“It’s the only permanent thing I did while I was in Australia”
In March of 1984 Keith Haring spent a small window of time in Melbourne. On a warm, windy day he quickly produced a mural on the side of the then Collingwood Technical School in front of an audience of students. Whether he knew it or not, this mural was going to have a lasting impact on the artistic culture of the space that would one day become Collingwood Yards. This month we’re celebrating the 40th anniversary of his fateful trip to Australia and the legacy he left here.
Although born in Pennsylvania, Haring is now regarded as an icon of the New York City pop art scene. Haring’s artistic journey began through his chalk graffiti, transforming empty black panels meant for advertising on the New York subway into impromptu canvases. This, now world famous imagery, built a reputation that led to him appearing in exhibitions alongside contemporaries such as Jean-Michel Basquiat who had also found fame through graffiti.
Haring was also a skilled promoter, following in the footsteps of other New York art legends such as Andy Warhol, Haring insisted on breaking down artistic barriers and never considered it beneath him to spread his artwork through any means he could find.
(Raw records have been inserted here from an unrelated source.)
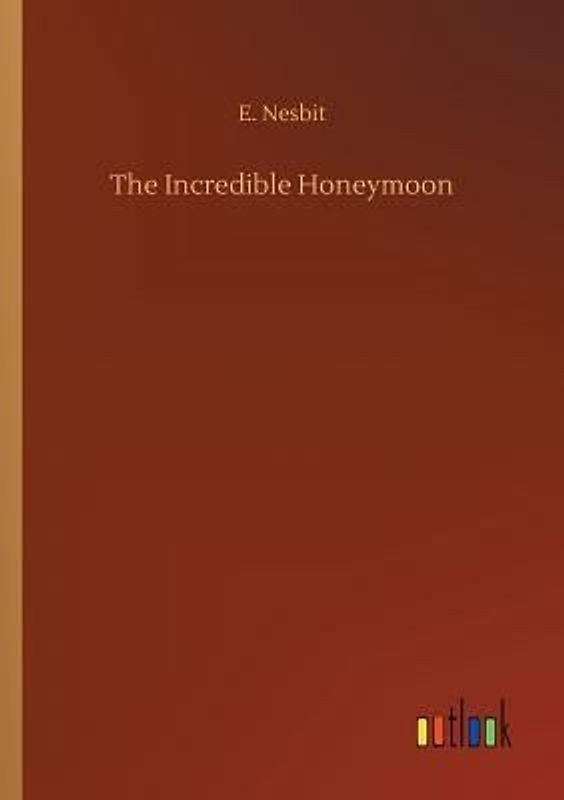The Incredible Honeymoon
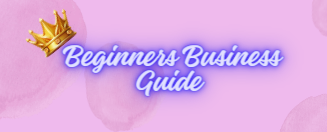 Beginners Business Guide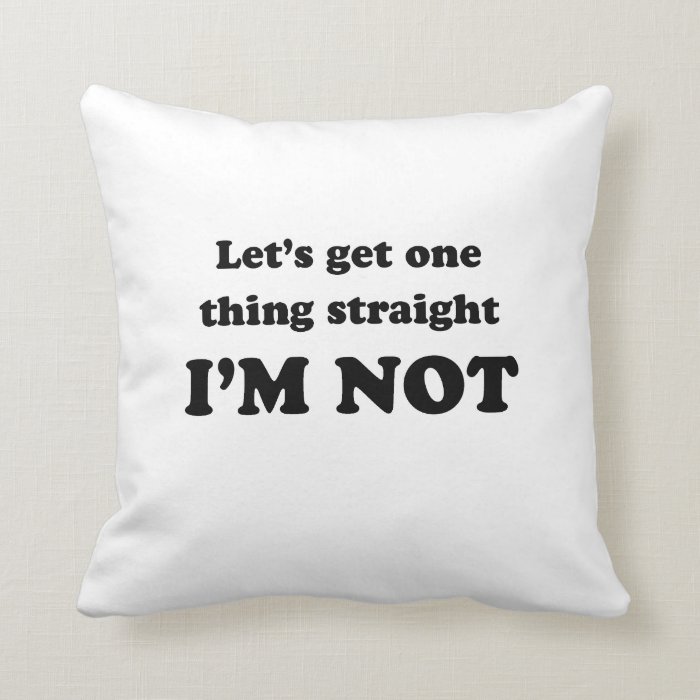 Lets get one thing straight pillows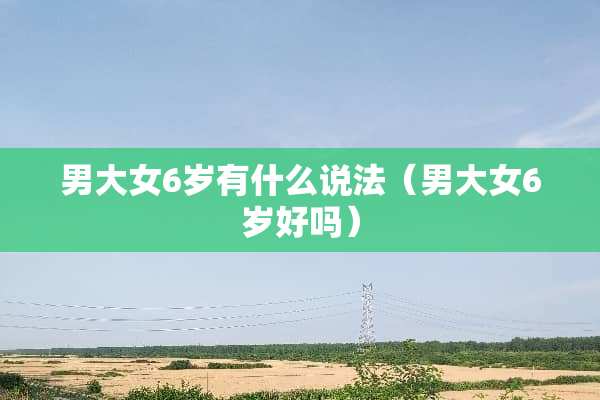 男大女6岁有什么说法（男大女6岁好吗）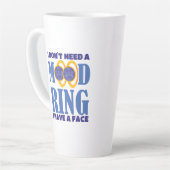 Tasse Latte Je n'ai pas besoin d'une bague d'humeur, j'ai un v (Angle gauche)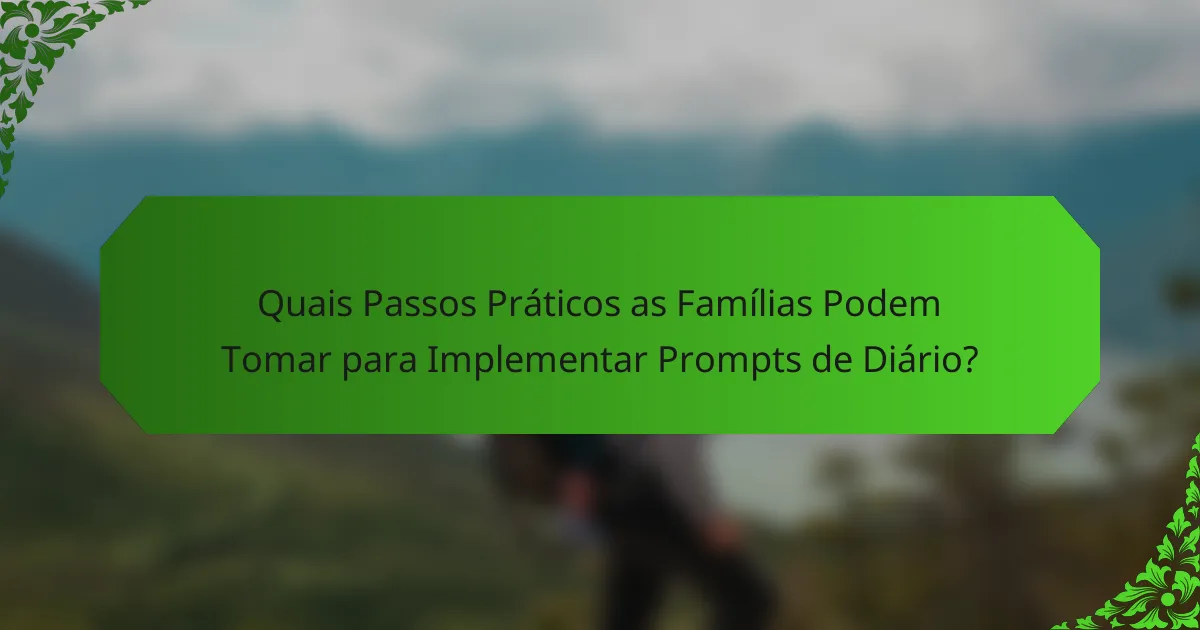 Quais Passos Práticos as Famílias Podem Tomar para Implementar Prompts de Diário?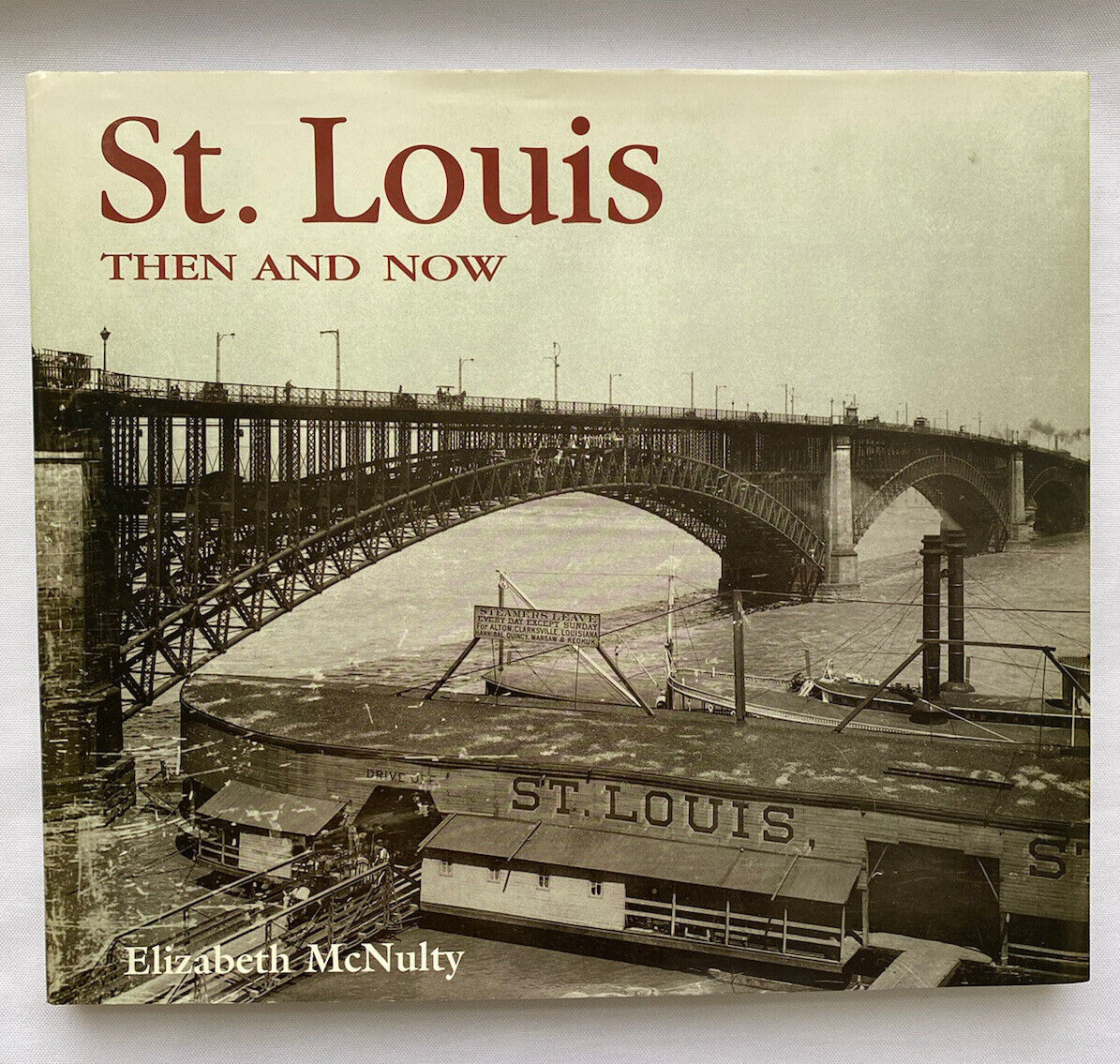 Then and Now Thunder Bay Ser.: St. Louis Then and Now by Elizabeth McNulty...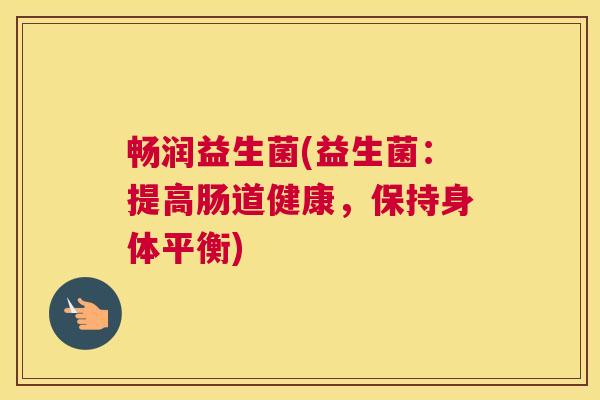 畅润益生菌(益生菌：提高肠道健康，保持身体平衡)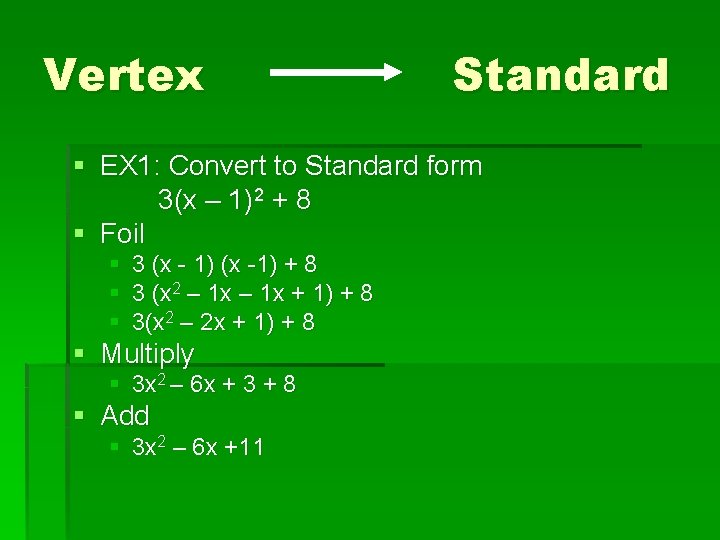 Vertex Standard § EX 1: Convert to Standard form 3(x – 1)2 + 8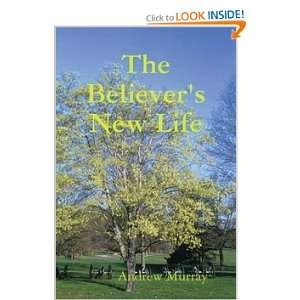    The Believers New Life (9781424508082) Andrew Murray Books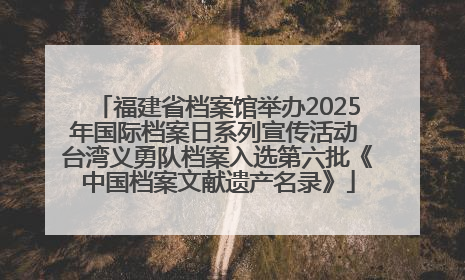 福建省档案馆举办2025年国际档案日系列宣传活动 台湾义勇队档案入选第六批《中国档案文献遗产名录》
Haring was regarded as intensely social and continued to paint throughout the streets of New York or provide fans of his works for free despite his growing status as an artist.
This led to the opening of the Pop Shop through which he merchandised his work in 1986 and, despite calls of selling out, the artist preferred his work be accessible to the public rather than restricted from them through prohibitive prices.
Haring’s artwork was often directly political, never shying away from expressing his perspectives on the world, whether it was abuse of power, LGBTQ+ rights, the crack epidemic, or the crisis of HIV/AIDS, Haring often addressed these topics bluntly without room for misunderstanding. This didn’t stop his work from having an enigmatic quality to it either, Haring’s figures straddled the line of language, with his simple figures becoming symbols within themselves able to express a certain universalism.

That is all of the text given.